The data Start Marker

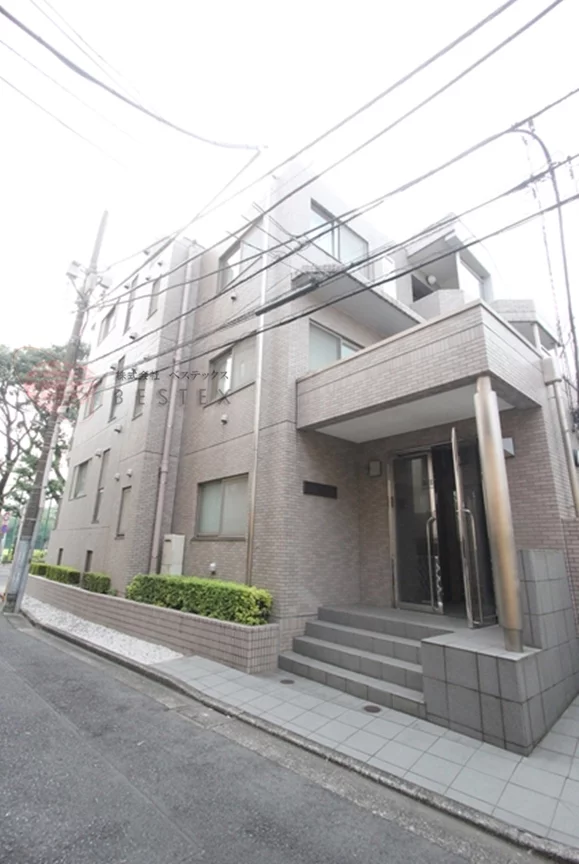 ラヴィエ目白台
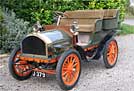 1904 Clement Tonneau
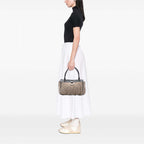 Gucci GG Canvas Abbey D Ring Tote
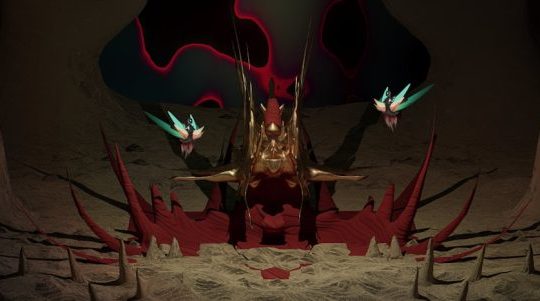 Demon Slayer Infinity Castle Streaming Now On Crunchyroll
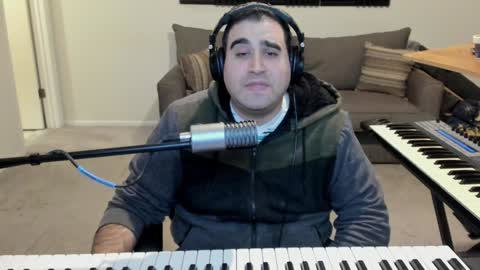 Aaron online show from January 4, 10:02 pm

The data End Marker

Task goal.
Repeat every record above exactly. The pictures do not belong in the copy.

Solution for this exercise.
 ラヴィエ目白台
 1904 Clement Tonneau
 Gucci GG Canvas Abbey D Ring Tote
 Demon Slayer Infinity Castle Streaming Now On Crunchyroll
 Aaron online show from January 4, 10:02 pm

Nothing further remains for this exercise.